From the entries that follow, reproduce exactly and only the lines from the line with "a Centenario. El" to the line with "Scallop Edge Pendant Light", endpoints included.

Crawled caption data:
——

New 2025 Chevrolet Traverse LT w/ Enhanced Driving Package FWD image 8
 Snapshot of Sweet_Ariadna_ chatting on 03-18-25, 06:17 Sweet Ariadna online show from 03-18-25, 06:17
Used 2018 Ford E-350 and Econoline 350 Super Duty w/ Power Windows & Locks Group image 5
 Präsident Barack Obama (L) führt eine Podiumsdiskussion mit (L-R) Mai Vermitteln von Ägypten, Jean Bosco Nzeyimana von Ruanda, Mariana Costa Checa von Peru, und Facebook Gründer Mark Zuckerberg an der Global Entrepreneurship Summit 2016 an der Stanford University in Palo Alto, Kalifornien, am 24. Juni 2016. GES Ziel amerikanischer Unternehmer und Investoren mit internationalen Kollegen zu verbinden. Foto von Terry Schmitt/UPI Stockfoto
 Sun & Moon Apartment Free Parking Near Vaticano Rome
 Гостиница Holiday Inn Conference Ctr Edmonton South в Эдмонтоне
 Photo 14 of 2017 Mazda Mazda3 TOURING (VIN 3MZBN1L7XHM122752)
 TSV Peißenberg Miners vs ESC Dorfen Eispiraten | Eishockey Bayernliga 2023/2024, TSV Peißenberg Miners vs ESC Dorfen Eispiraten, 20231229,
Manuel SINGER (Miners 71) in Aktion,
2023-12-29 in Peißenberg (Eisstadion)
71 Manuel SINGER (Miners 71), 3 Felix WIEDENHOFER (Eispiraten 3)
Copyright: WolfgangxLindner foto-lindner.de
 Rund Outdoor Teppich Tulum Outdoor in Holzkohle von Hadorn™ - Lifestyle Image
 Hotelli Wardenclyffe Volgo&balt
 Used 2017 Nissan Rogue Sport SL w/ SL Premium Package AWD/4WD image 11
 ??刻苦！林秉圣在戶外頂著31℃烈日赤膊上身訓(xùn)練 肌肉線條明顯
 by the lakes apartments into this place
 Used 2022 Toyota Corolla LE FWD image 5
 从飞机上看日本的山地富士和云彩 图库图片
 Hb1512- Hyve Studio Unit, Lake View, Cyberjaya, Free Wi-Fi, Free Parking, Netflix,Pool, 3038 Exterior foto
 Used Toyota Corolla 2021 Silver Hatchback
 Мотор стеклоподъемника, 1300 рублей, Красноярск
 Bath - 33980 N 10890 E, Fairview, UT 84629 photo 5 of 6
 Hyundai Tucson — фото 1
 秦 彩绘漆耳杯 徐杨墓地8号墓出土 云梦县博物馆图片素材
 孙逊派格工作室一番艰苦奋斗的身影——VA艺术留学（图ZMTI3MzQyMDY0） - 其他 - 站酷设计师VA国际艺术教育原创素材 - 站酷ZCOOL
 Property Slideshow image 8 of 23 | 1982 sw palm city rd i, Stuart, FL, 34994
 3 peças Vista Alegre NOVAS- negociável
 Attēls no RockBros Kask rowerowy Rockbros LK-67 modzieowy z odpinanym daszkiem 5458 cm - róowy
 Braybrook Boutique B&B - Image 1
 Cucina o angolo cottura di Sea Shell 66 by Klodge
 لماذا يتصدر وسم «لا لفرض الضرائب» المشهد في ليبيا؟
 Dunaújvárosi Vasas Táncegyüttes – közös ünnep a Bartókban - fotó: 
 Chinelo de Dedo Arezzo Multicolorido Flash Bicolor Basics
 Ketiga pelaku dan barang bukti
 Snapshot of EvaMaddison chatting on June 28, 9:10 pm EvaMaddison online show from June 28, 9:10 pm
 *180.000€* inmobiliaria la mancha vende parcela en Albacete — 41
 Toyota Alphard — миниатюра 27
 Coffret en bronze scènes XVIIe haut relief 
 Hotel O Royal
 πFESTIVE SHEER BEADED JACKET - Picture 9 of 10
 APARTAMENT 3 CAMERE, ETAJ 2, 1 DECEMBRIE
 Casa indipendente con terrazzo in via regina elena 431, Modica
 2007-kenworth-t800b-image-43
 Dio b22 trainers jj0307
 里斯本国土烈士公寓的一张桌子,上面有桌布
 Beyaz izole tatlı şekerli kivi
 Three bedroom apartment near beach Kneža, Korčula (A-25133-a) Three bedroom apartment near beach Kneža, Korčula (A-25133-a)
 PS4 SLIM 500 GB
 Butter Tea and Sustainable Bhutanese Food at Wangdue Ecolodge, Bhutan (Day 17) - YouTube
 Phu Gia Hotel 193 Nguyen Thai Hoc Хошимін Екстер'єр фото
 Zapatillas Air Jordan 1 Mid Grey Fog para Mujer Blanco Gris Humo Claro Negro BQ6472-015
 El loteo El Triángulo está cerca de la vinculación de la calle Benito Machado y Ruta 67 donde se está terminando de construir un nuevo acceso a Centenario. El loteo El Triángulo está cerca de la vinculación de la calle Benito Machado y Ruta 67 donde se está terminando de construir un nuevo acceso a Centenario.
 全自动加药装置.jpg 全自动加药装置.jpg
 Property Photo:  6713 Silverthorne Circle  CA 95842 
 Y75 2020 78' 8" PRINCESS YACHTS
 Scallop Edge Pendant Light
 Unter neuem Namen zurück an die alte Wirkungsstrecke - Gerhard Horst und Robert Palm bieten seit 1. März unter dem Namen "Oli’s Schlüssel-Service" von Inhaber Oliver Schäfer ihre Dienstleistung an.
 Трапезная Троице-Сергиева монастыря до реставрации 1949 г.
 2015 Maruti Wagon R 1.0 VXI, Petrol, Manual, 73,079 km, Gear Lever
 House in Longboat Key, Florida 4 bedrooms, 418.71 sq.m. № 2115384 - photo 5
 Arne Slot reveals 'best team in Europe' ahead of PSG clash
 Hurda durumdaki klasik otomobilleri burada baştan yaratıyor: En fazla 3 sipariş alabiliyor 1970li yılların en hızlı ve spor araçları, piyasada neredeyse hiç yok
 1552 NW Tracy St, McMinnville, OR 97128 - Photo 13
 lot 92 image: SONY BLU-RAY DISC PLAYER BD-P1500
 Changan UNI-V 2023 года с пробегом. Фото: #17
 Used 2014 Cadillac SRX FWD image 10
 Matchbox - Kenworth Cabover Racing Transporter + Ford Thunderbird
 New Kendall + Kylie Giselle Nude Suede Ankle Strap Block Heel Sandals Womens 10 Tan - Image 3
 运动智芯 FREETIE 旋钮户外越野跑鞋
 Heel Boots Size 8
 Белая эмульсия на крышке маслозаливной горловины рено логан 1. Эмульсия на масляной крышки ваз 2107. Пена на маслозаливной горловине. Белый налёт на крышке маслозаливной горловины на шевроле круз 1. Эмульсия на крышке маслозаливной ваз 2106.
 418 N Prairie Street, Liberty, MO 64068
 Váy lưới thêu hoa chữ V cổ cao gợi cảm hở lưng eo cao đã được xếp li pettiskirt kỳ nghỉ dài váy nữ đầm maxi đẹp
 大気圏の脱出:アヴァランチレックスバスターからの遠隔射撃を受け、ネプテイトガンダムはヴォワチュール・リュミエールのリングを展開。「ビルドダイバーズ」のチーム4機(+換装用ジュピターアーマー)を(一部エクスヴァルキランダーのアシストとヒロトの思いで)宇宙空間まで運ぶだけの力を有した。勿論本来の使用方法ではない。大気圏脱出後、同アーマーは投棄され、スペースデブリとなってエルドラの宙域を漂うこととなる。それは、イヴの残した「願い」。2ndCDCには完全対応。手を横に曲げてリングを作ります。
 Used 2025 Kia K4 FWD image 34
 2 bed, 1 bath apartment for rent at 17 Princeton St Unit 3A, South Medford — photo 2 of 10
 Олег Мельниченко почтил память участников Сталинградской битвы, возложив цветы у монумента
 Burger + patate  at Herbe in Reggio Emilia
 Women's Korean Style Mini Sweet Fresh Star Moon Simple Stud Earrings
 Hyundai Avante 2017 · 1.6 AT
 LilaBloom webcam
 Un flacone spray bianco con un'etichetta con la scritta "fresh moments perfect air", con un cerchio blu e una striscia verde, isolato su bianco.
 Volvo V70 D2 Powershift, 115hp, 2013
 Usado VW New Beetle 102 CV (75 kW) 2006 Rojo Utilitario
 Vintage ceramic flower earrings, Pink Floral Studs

——

> _Exercise response_:
 El loteo El Triángulo está cerca de la vinculación de la calle Benito Machado y Ruta 67 donde se está terminando de construir un nuevo acceso a Centenario. El loteo El Triángulo está cerca de la vinculación de la calle Benito Machado y Ruta 67 donde se está terminando de construir un nuevo acceso a Centenario.
 全自动加药装置.jpg 全自动加药装置.jpg
 Property Photo:  6713 Silverthorne Circle  CA 95842 
 Y75 2020 78' 8" PRINCESS YACHTS
 Scallop Edge Pendant Light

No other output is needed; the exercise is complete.